MHB But since distance is always positive, can we say that | a - b | = | b - a |?

[mathdad]

On page 9 of my David Cohen Precalculus textbook (3rd Edition), the following property is given:

The distance between a and b is | a - b | = | b - a |.

Question:

Can we say that | a - b | = | b - a | because distance is always positive?

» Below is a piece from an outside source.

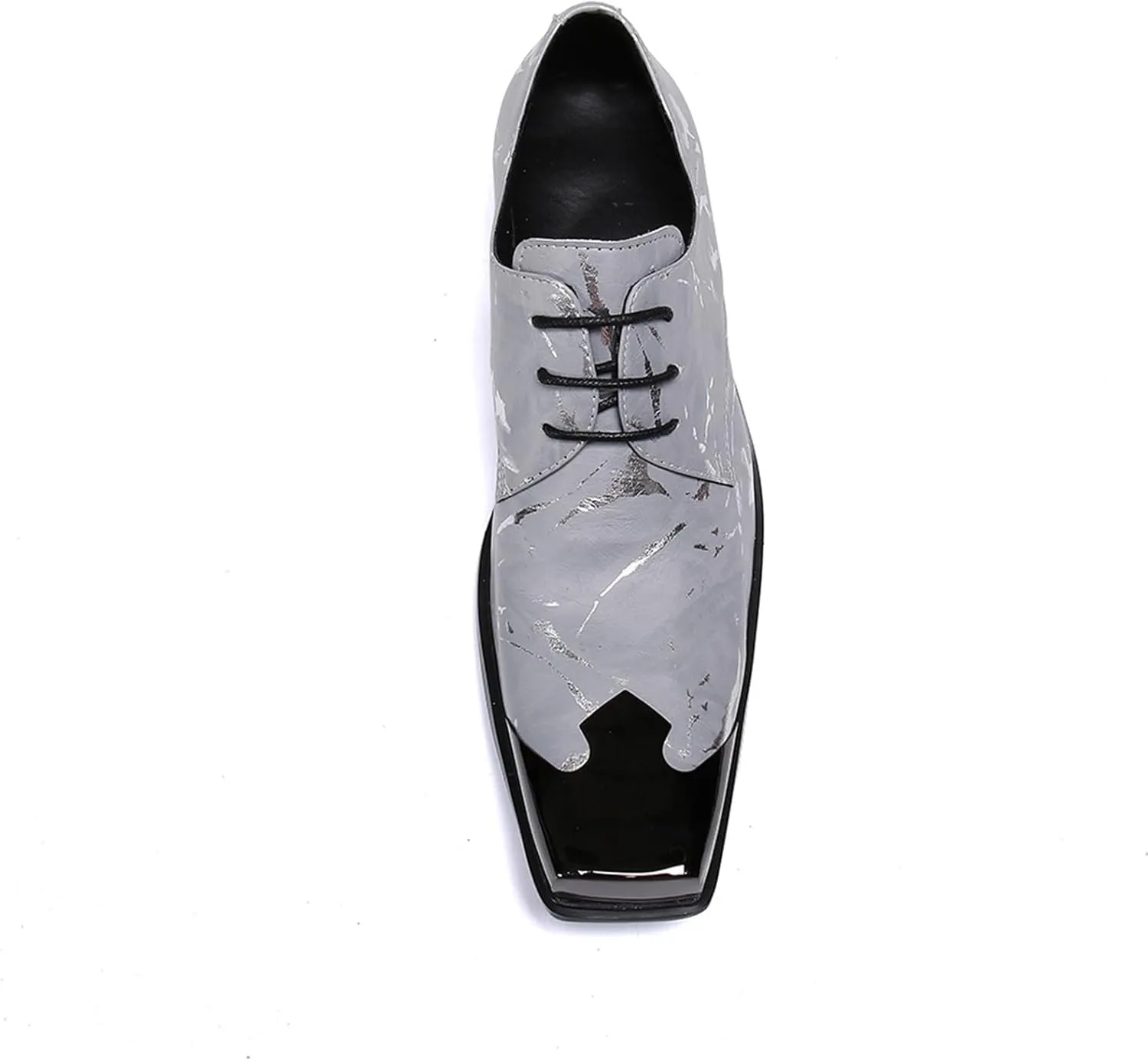 Men's Leather Shoes, Business Casual Men's Simple Print Square Toe Dress Lace-Up Shoes, Barber Host Nightclub Stage Wedding Party Banquet Prom Uniform Office Work Shoes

Note: a and b are real numbers.

 

[MarkFL]

Given that:

$$|x|\equiv\sqrt{x^2}$$

Can you prove that:

$$|a-b|=|b-a|$$ ?

 

[mathdad]

Given that:

$$|x|\equiv\sqrt{x^2}$$

Can you prove that:

$$|a-b|=|b-a|$$ ?

If a and b are real numbers, I can plug any for a and b.

Let a = 4 and b = 3.

| 4 - 3| = | 3 - 4 |

| 1 | = | -1 |

1 = 1

True?

 

[MarkFL]

If a and b are real numbers, I can plug any for a and b.

Let a = 4 and b = 3.

| 4 - 3| = | 3 - 4 |

| 1 | = | -1 |

1 = 1

True?

Generally, using fixed values doesn't constitute a good proof that will hold for all values. Using the definition I gave, we can write:

$$\sqrt{(a-b)^2}=\sqrt{(b-a)^2}$$

Can you show this must be true?

 

[mathdad]

Generally, using fixed values doesn't constitute a good proof that will hold for all values. Using the definition I gave, we can write:

$$\sqrt{(a-b)^2}=\sqrt{(b-a)^2}$$

Can you show this must be true?

I cannot prove anything outside of fixed values at my level of math.

I know that the square root of a square yields the radicand.

I like to look at it this way:

sqrt{(cars - road)^2} = cars - road.

sqrt{(road - cars)^2} = road - cars.